A female in heat attracts a male over quite some distance and mating, which is very vocal and frequent, takes place over a period of about five days. The gestation period is about 100 days, after which time the female gives birth to between one and four cubs in a sheltered area, such as a small cave or under a rock overhang. During the first few weeks of life the female frequently moves her cubs to different hiding places. The young open their eyes after about ten days and are weaned at three months, but stay with their mother until they are about 16 months old. Although leopards do occasionally bring food to their young, they usually prefer to take the young to the kill. As their natural prey species such as the tahr and the mountain gazelle are virtually extinct, leopards often have to turn to domestic stock, mainly goats, for food. They also prey on foxes, or any other small mammal or bird and will readily eat carrion. These secretive animals hunt mainly around dawn and dusk but stay active throughout the night, while spending the hot hours of the day in a shady place that has an unobstructed view.

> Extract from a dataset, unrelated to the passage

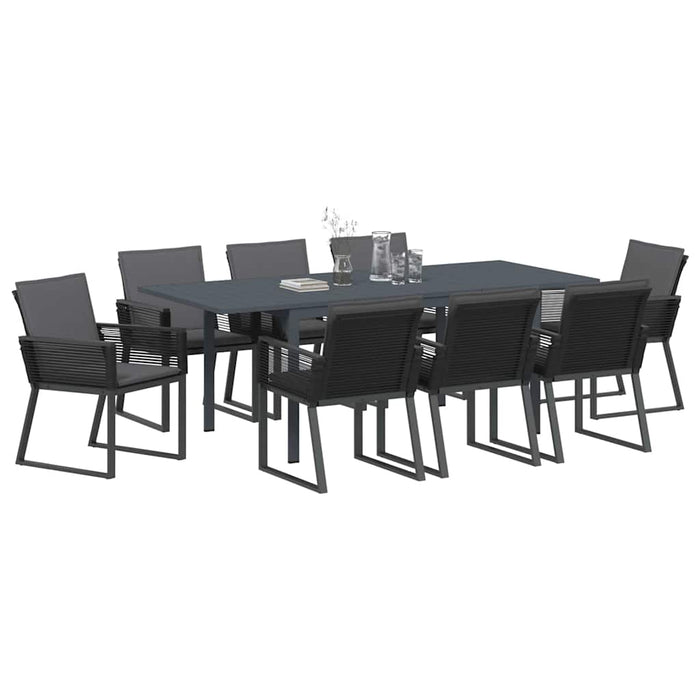 Set de dining pentru grădină Manual 9 pcs Negru mare Metal - WALTI WALTI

For images of the Arabian leopard, click here
Absent from the mountains but otherwise widespread in the United Arab Emirates is the hare (Lepus capensis). Adapted to the harsh environment, the local hare is much smaller than its European counterpart and is therefore often mistaken for a rabbit, which does not occur in Arabia. Unlike the rabbit, the hare does not live in burrows, but spends the day motionless, with its ears folded back, relying totally on its camouflage, remaining in shallow scrapes under a bush or even in the open. The young hares, or leverets, are born fully furred with their eyes open and are able to survive without their mother from the seventh to the tenth day of their lives. The baby hares are left by the mother in separate locations, where she visits them a couple of times a night to let them suckle. The advantage of this system is that if one of them is found by a fox or another predator only that individual will be killed and not the whole litter. Should the mother vanish, then the babies are able to fend for themselves from a very early age. As with the other mammals that have adapted to the desert life, the hare does not need to drink water, obtaining enough moisture from the grasses and shrubs it eats.
For images of the Cape hare, click here
(Uromastix microlepis) The spiny-tailed lizard or dhub can grow to a length of 65 centimetres and usually lives in loose colonies, each burrow being approximately 20 to 50 metres distance from its neighbour. Colonies can extend over large areas, depending on the availability of food. Feeding on shrubs, the spiny-tailed lizard never drinks water and has special glands that help its body to dispose of uric acid. The spiny-tailed lizard often allows other creatures, such as snakes, scorpions and hedgehogs to share its burrow. Despite its dragon-like appearance it is a very placid animal that prefers to flee rather than enter into conflict. If cornered, however, it can inflict a painful blow with its spiny tail or alternatively a nasty bite from strong jaws with sharp bony plates. The dhub used to be a welcome source of protein for the Bedouin and its tough skin was widely used.